Aan de Voorzitter van de Tweede Kamer der Staten-Generaal

Den Haag, 13 november 2020

Ter gelegenheid van de mondelinge behandeling van de wetsvoorstellen betreffende de vervolging en berechting in Nederland van strafbare feiten die verband houden met het neerhalen van Malaysia Airlines vlucht MH17 (Kamerstukken 34 915 en 34 916) in 2018 heb ik toegezegd uw Kamer te zullen informeren over het instemmingsvereiste ten aanzien van de gebruikmaking van videoconferentie bij de berechting in het licht van de ontwikkelingen in de jurisprudentie.

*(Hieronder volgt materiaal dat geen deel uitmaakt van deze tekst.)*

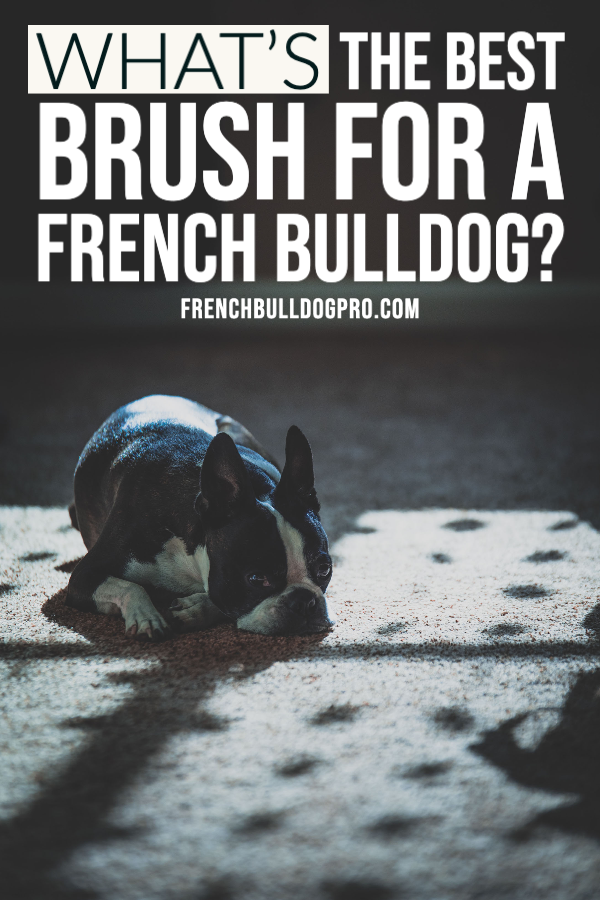 best brush for french bulldog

Omdat vraagstukken omtrent het gebruik maken van videoconferentie in de strafrechtpleging breder spelen dan in het kader van het MH17-proces heb ik het WODC gevraagd om een breder onderzoek te laten uitvoeren waarbij de vraag centraal stond wat Nederland uit de nationale en internationale normering en praktijk van de toepassing van videoconferentie bij verdachten kan leren met het oog op de normering en beleidsontwikkeling ervan in de Nederlandse strafrechtpraktijk. Dit onderzoek is thans afgerond en bied ik u hierbij aan1.

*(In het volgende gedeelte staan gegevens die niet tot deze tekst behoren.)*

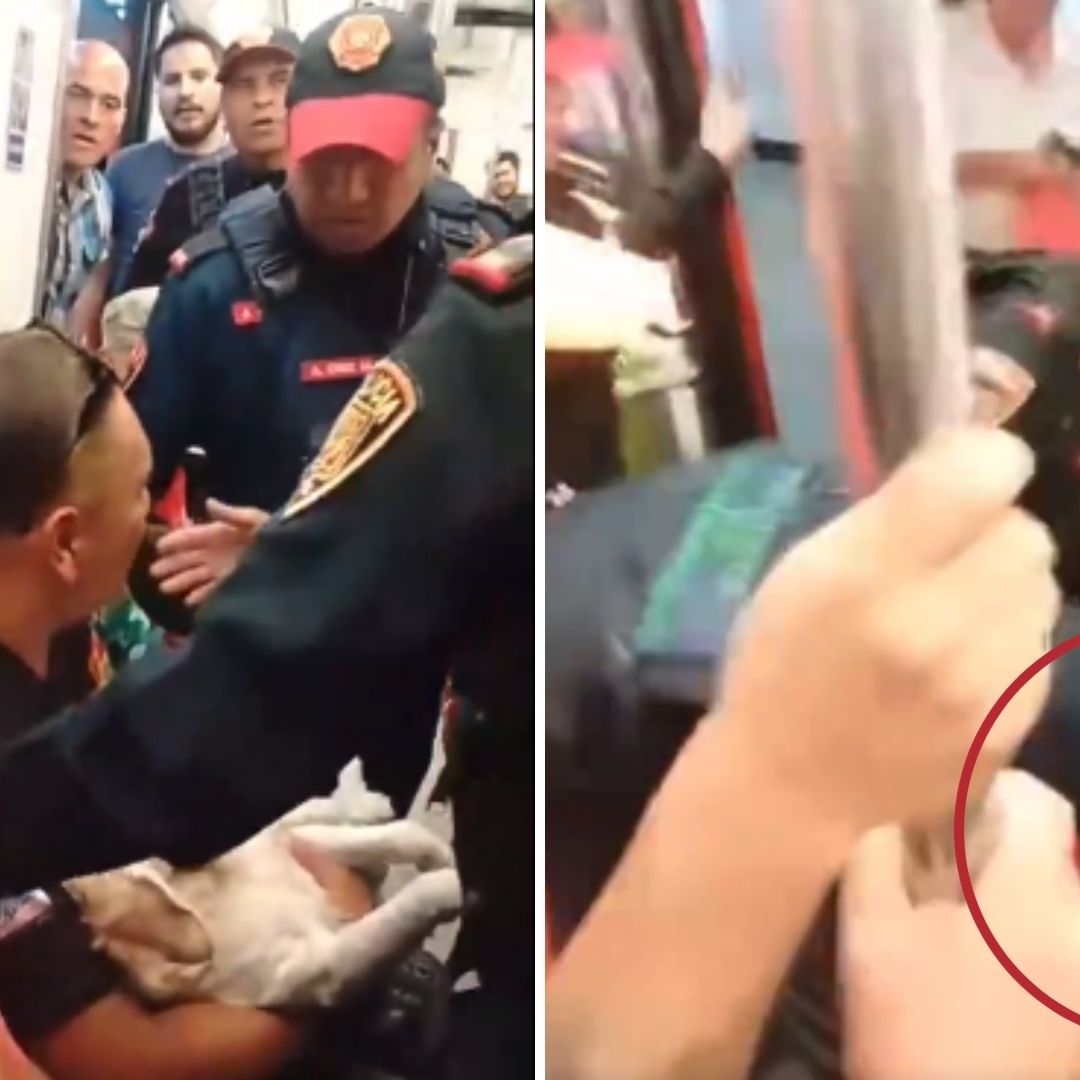 Policías Sacan a Pasajero con Perrito Herido del Metro CDMX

Het onderzoek is uitgevoerd door mr.dr. A.M. de Hoon, prof.mr. M.F.H. Hirsch Ballin en mw. S.G.M.J. Bollen, LLB, BA van de Vrije Universiteit Amsterdam en is getiteld «De verdachte in beeld. Eisen en waarborgen voor het gebruik van videoconferentie ten aanzien van de verdachte in het Nederlandse strafproces in rechtsvergelijkend perspectief».

Ik ben de onderzoekers zeer dankbaar voor het opgeleverde eindrapport. Het rapport bevat veel en interessante informatie die kan worden betrokken bij beslissingen over verdere beleidsontwikkeling en normering van de toepassing van videoconferentie. Ik ga het rapport nauwkeurig bestuderen en zal daarna zo snel mogelijk met een beleidsreactie komen.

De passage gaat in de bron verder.